Numéro 6 — 2018 par Martine Monacelli

octobre 2018

Quelques mois après la galerie Everard Read à Londres, c’est le musée De Reede à Anvers, en collaboration avec la galerie Art Point International de Mol qui accueillera, du 7 décembre 2018 au 7 janvier 2019, l’exposition personnelle de l’un des artistes majeurs du XXe siècle, le peintre, dessinateur et sculpteur tchèque Frantičšek Mertl, dit Franta. Nous l’avons rencontré […]

Le Mois

Quelques mois après la galerie Everard Read à Londres, c’est le musée De Reede à Anvers, en collaboration avec la galerie Art Point International de Mol qui accueillera, du 7 décembre 2018 au 7 janvier 2019, l’exposition personnelle de l’un des artistes majeurs du XXe siècle, le peintre, dessinateur et sculpteur tchèque Frantičšek Mertl, dit Franta1.
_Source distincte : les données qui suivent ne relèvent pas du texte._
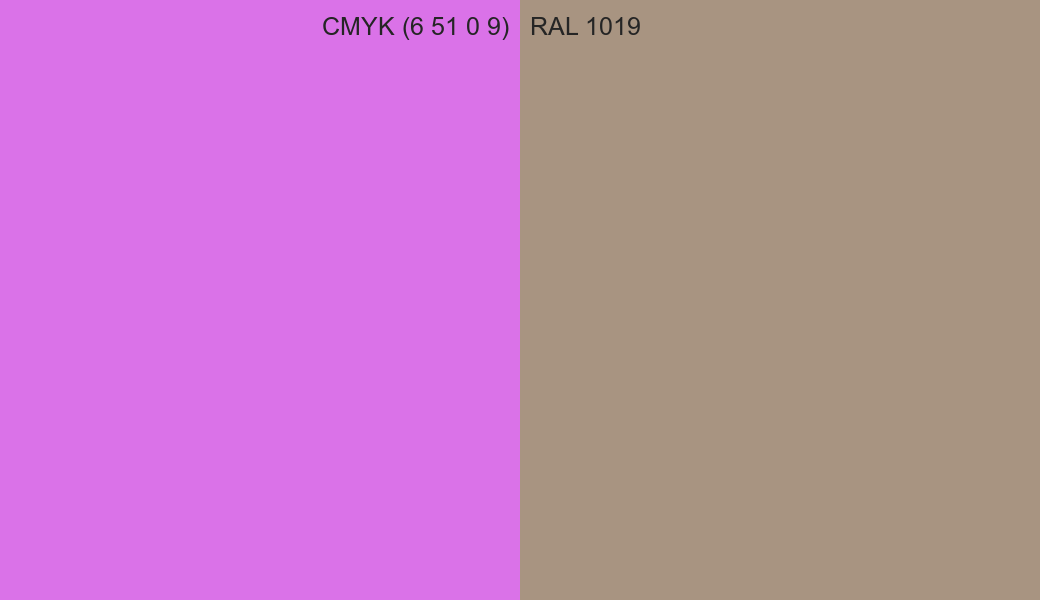 CMYK Color CMYK (6 51 0 9) vs RAL 1019 side by side comparison CMYK Color CMYK (6 51 0 9) vs RAL 1019 side by side comparison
Nous l’avons rencontré chez lui à Vence où, installé avec sa femme Jacqueline depuis 1958, il a mis un terme à ses voyages sur quatre continents. Au grand mur de l’atelier, Fuite, une toile légèrement abimée lors d’un précédent accrochage et qu’il doit restaurer avant son départ pour l’Angleterre. Plus loin, Éveil, un bronze encore brut, tout juste revenu de la fonderie auquel il veut donner une tonalité autre, susciter une interprétation nouvelle par l’application d’une patine aux reflets bleu glacé. Ma première visite fait suite à notre discussion, à l’occasion d’un vernissage privé, à propos de la traduction du titre qu’il envisageait pour son exposition londonienne. Nous pénétrons dans la maison. Tandis qu’il lève un à un les draps qui recouvrent les pièces que va présenter la galerie Bogéna à Saint-Paul-de-Vence, nous reparlons du titre Au plus près, qui lui tient tant à cœur : « Je ne serai jamais assez près de l’homme, je ne le comprends toujours pas ! » Et pourtant s’il est un artiste qui a tenté de percer le mystère de notre humanité c’est bien ce Morave de quatre-vingt-huit ans, toujours ingambe et soucieux de faire entendre au monde un désir jamais assouvi de conjurer la tragédie et la violence de la condition humaine et une quête du sens insaisissable de l’existence.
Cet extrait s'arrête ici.